Breaking Down the Buying Committee: How to Communicate with CEOs
Explore the thoughts and questions that CEOs provide during the purchasing cycle, and learn to model your sales lead generation tactics to fit their needs.
February 8, 2015
There are final decision makers within every team. Even if a sales rep wins approval from the rest of the buying committee, sometimes the fate of the project rests solely with the most senior executives. They are the visionaries, tasked with making moves that align with top-level business goals and ensuring the most value for their businesses.
The Chief Executive Officer (CEO) is the highest ranking executive and tends to have a unique perspective that should be recognized as you plan your sales strategy. Learn to frame your sales lead generation tactics for their specific concerns and you will gain powerful influence over the rest of the buying committee.
Every aspect of the prospect’s business falls under the CEO’s gaze. Under a publically traded company, they must answer to their boards of directors and stakeholders, stressing the need for both big-picture strategies and metric-level performances.
CEOs oversee the entire organization from profitability, to strategic direction, to employee relations. They can be directors, decision makers, leaders, managers, and executors. They are also becoming more social, frequently posting messages and videos on their company social network sites.
In a recent study of the new social CEO, Weber Shandwick’s Chris Perry noted that “CEOs understand they must be a leading voice with those who follow their company pages, without necessarily amassing and engaging a network of followers on personal social network pages.”
In short, CEOs are perhaps the most influential drivers of change within their organizations, and heavily focus on the business value for any new solution.
The CEO’s Priorities
CEOs face the challenge of watching the marketplace and making sure their company remains not only competitive but a leader. Industry disruption from new technologies and competition can cause CEOs to constantly watch their markets and determine what solutions can counteract disruptions. Answer these questions to appeal to the CEO and gain interest for your solutions:
- What is the value for my business? CEOs think about the big picture, and they evaluate solutions based on the tangible and intangible values for their companies. Financial costs, ROI, technological advancements, and process efficiencies are some of the factors that affect business value.

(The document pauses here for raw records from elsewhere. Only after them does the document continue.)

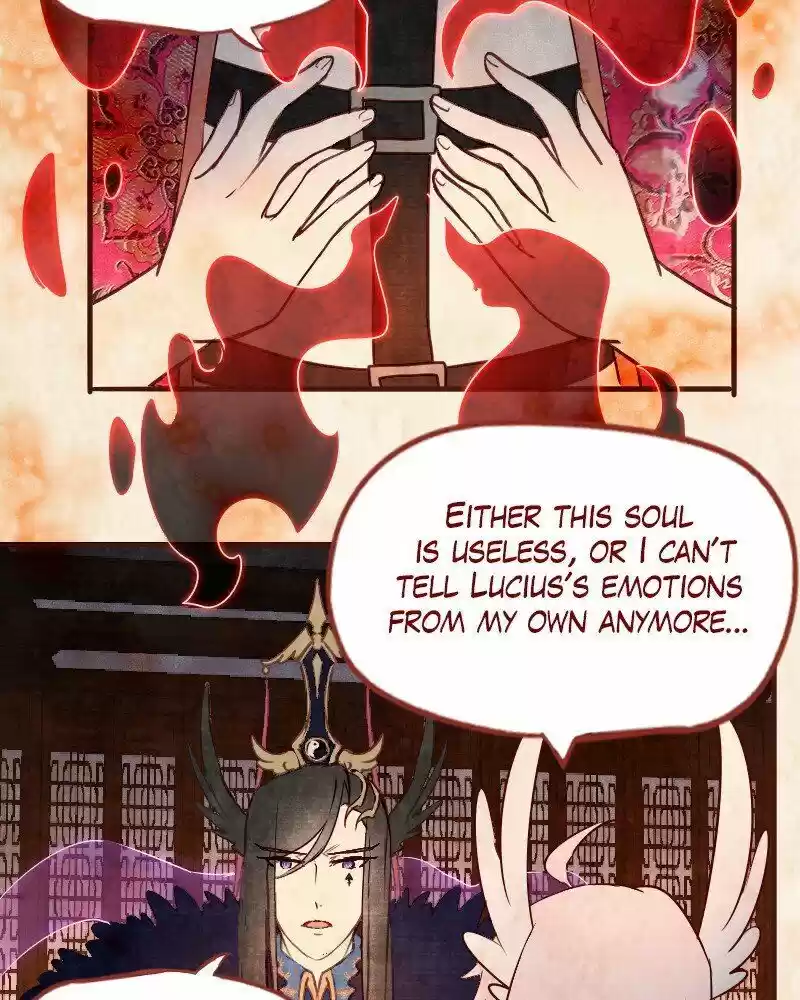 Phantom Paradise ch.086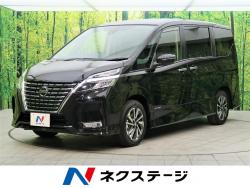 日産 エクストレイル 白の中古車一覧｜新車・中古車の【ネクステージ】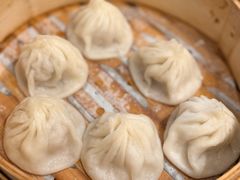 -南翔馒头店(豫园店)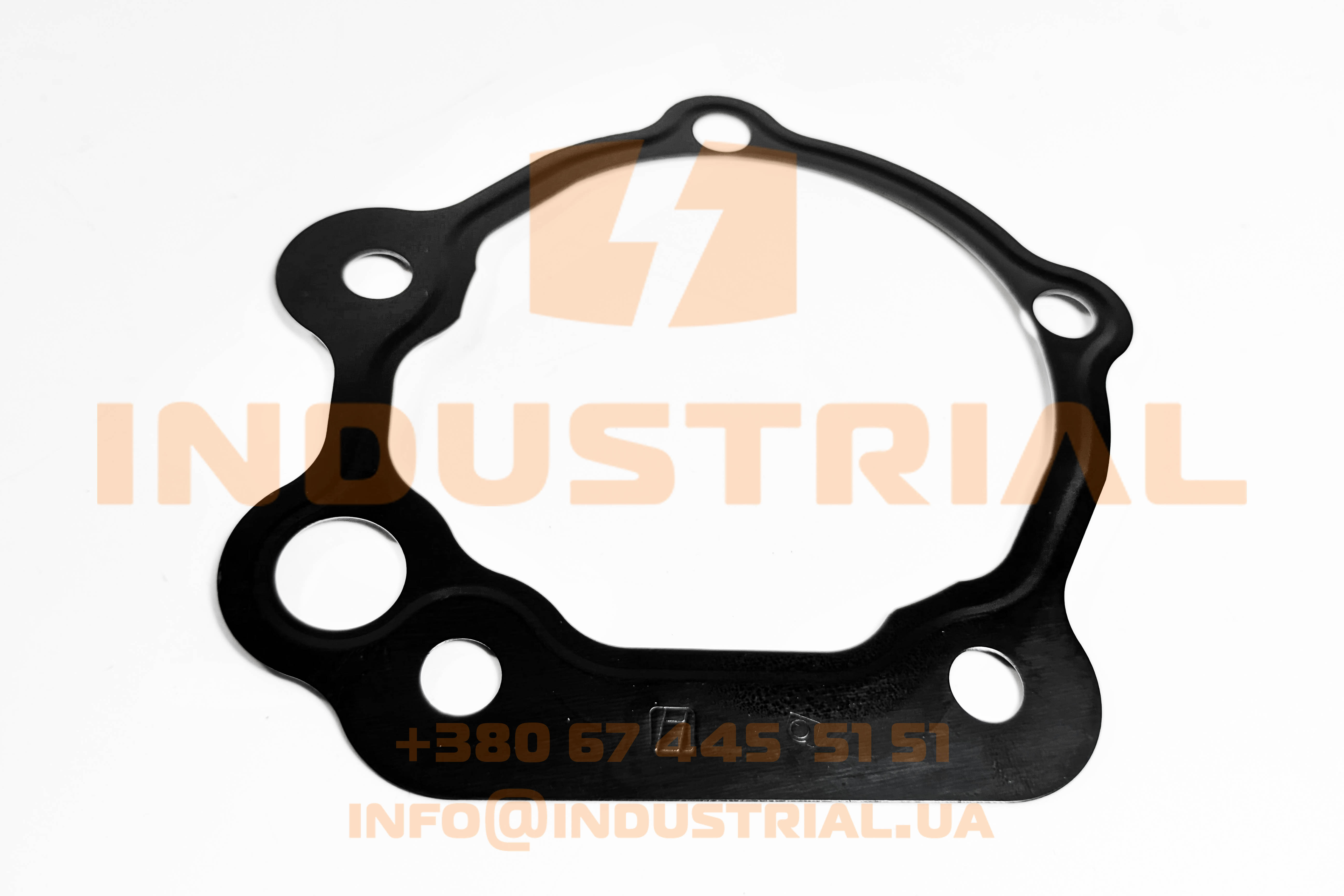 CNH 4178881 CNH INDUSTRIAL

- How will the solution help impact the bottom line? Demonstrating financial impact is key. Be prepared to show your solution will either help the company make money or save money, and the timeframes in which they can expect to see results.
- How does this impact other areas of the organization? With the responsibility of the entire organization on their shoulders, CEOs are forced to think through the expected and unexpected impact of any major decision. For examples a step toward automation in one department, might have a less than favorable impact on another department. Understanding the big picture of the primary and secondary users of your solution will help you paint the bigger picture and overcome any potential hurdles.
Once you understand these major concerns, you can frame your solutions to fit CEO expectations.
Communicating with the CEO
CEOs will expect you to understand their companies’ business objectives and the roles each department plays. Asking basic level questions will quickly disqualify your solutions. Instead, try these tactics to speak in their language:
- Clearly explain the business value. Blinds.com CEO Jay Steinfeld reminds sales pros that CEOs are people, too. Steinfeld wants reps to make sure he understands “what's in it for me, besides the undeniable pleasure of doing business with you. Keep the conversation and pitch focused on specific ways you can help me do my job.”
- Let them do the talking. CEOs are tasked to map the future for their companies, and they are eager to share that vision. Allow them to share their ambitions, concerns, and ideas. Listen for the key points that can help you hone your sales strategy and directly address what’s important to the business.
- Get into their network. Close.io CEO Steli Efti notes the power of referrals, especially with small businesses and limited budgets. Efti states that referrals are “one of the most important steps to creating a truly scalable sales process. So make it part of your pitch.” Eighty-four percent of C-level executives use social media to make their vendor decisions, so include LinkedIn Recommendations from previous customers to bolster your case.
CEOs must address immediate business needs while positioning the company’s larger vision for future success. Aligning your solutions and sales techniques to optimize for both can help gain their trust during the sales process.